You are correct, it is just syntactic sugar. It may be that there are no good uses of it depending on your definition of problematic code.
Consider that you have a class Foo that is widely used in your application. Now this application has got quite large and further lets say it's a webapp that has become very popular.
You identify that Foo is causing a bottleneck. Perhaps it is possible to add some caching to Foo to speed it up. Using properties will let you do that without changing any code or tests outside of Foo.
Yes of course this is problematic code, but you just saved a lot of $$ fixing it quickly.
What if Foo is in a library that you have hundreds or thousands of users for? Well you saved yourself having to tell them to do an expensive refactor when they upgrade to the newest version of Foo.
The release notes have a lineitem about Foo instead of a paragraph porting guide.
Experienced Python programmers don't expect much from a.b=2 other than a.b==2, but they know even that may not be true. What happens inside the class is it's own business.
Here's an old example of mine. I wrapped a C library which had functions like "void dt_setcharge(int atom_handle, int new_charge)" and "int dt_getcharge(int atom_handle)". I wanted at the Python level to do "atom.charge = atom.charge + 1".
The "property" decorator makes that easy. Something like:
class Atom(object):
def __init__(self, handle):
self.handle = handle
def _get_charge(self):
return dt_getcharge(self.handle)
def _set_charge(self, charge):
dt_setcharge(self.handle, charge)
charge = property(_get_charge, _set_charge)

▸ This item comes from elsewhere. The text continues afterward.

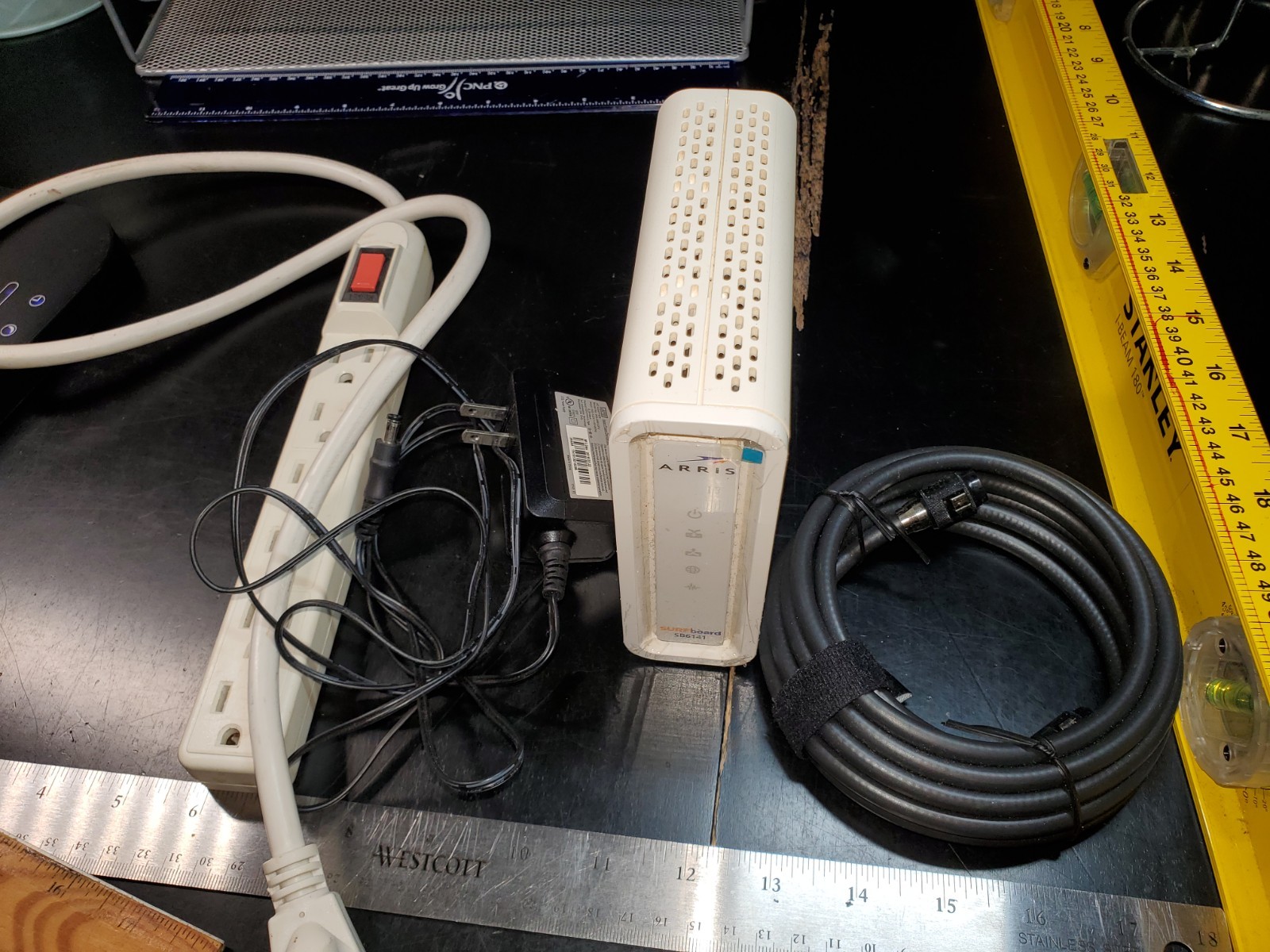 ARRIS Surfboard SB6141 White Cable Modem+AC Adapter+coax Cable+extension Panel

10 years ago, when I wrote this package, I had to use __getattr__ and __setattr__ which made it possible, but the implementation was a lot more error prone.
class Atom:
def __init__(self, handle):
self.handle = handle
def __getattr__(self, name):
if name == "charge":
return dt_getcharge(self.handle)
raise AttributeError(name)
def __setattr__(self, name, value):
if name == "charge":
dt_setcharge(self.handle, value)
else:
self.__dict__[name] = value
getters and setters are needed for many purposes, and are very useful because they are transparent to the code. Having object Something the property height, you assign a value as Something.height = 10, but if height has a getter and setter then at the time you do assign that value you can do many things in the procedures, like validating a min or max value, like triggering an event because the height changed, automatically setting other values in function of the new height value, all that may occur at the moment Something.height value was assigned. Remember, you don't need to call them in your code, they are auto executed at the moment you read or write the property value. In some way they are like event procedures, when the property X changes value and when the property X value is read.
It is useful when you try to replace inheritance with delegation in refactoring. The following is a toy example. Stack was a subclass in Vector.
class Vector:
def __init__(self, data):
self.data = data
#staticmethod
def get_model_with_dict():
return Vector([0, 1])
class Stack:
def __init__(self):
self.model = Vector.get_model_with_dict()
self.data = self.model.data
class NewStack:
def __init__(self):
self.model = Vector.get_model_with_dict()
#property
def data(self):
return self.model.data
#data.setter
def data(self, value):
self.model.data = value
if __name__ == '__main__':
c = Stack()
print(f'init: {c.data}') #init: [0, 1]
c.data = [0, 1, 2, 3]
print(f'data in model: {c.model.data} vs data in controller: {c.data}')
#data in model: [0, 1] vs data in controller: [0, 1, 2, 3]
c_n = NewStack()
c_n.data = [0, 1, 2, 3]
print(f'data in model: {c_n.model.data} vs data in controller: {c_n.data}')
#data in model: [0, 1, 2, 3] vs data in controller: [0, 1, 2, 3]
Note if you do use directly access instead of property, the self.model.data does not equal self.data, which is out of our expectation.
You can take codes before __name__=='__main__' as a library.